Dans le même temps en contrebas, deux fourgons et cinq voitures des forces de l’ordre se garent au pied de la propriété. Venus pour une perquisition, les gendarmes grimpent en colonne et en petite foulées sur le terrain de Cédric Herrou. Quinze d’entre eux sont casqués, visières baissées, gilets pare-balles et armes à portée de main. En quelques minutes, ils écartent le photographe de Libération à l’aide d’une clef de bras (puis le mettront à terre un quart d’heure plus tard) et passent entre le tracteur, les poules et les ruches. Ils se déploient rapidement sous les oliviers avant d’encercler la maison. «Tout à coup, plusieurs hommes sont entrés et se sont mis à hurler tellement fort que je ne comprenais pas ce qu’ils disaient», raconte l’infirmière. Elle tire le rideau. «Je me suis retrouvée en face de quatre gendarmes, je n’ai vu que l’arme qu’ils pointaient.

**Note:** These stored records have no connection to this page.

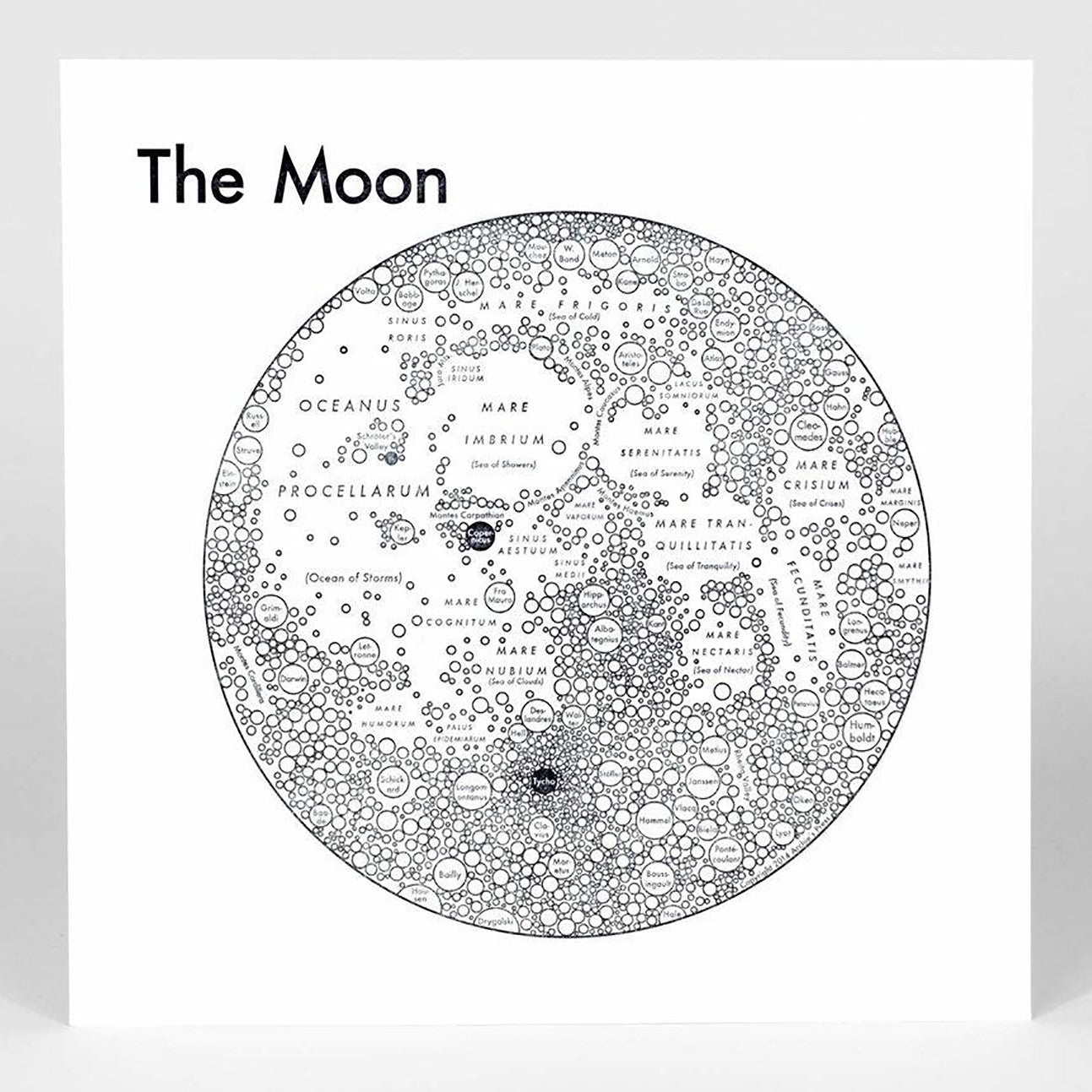 Moon Map Letterpress Print - Black/White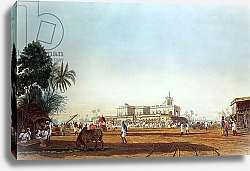 Постер Фрейзер Джеймс (акв) Lall Bazaar and the Portuguese Chapel, Calcutta, engraved by Robert Havell, pub. 1824
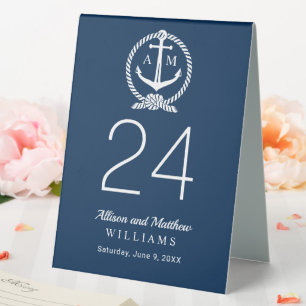 Nautical Navy Blue Anchor Wedding Monogram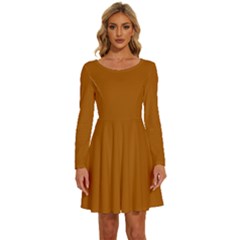 Windsor Orange	 - 	long Sleeve Wide Neck Velvet Dress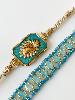 Bracelet pierres Jill bleu turquoise doré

Autant de monde dans une si petite pièce, c’était proche de l’absurde.» La bénévole de Médecins du monde tente de rassurer Nasser, le jeune Soudanais s’étant mis à pleurer. «Ce qui m’a le plus traumatisée, c’est le sentiment éprouvé par ces enfants. Il y a là une maltraitance morale qui dépasse les limites. On était tous saisis, choqués et sans parole.»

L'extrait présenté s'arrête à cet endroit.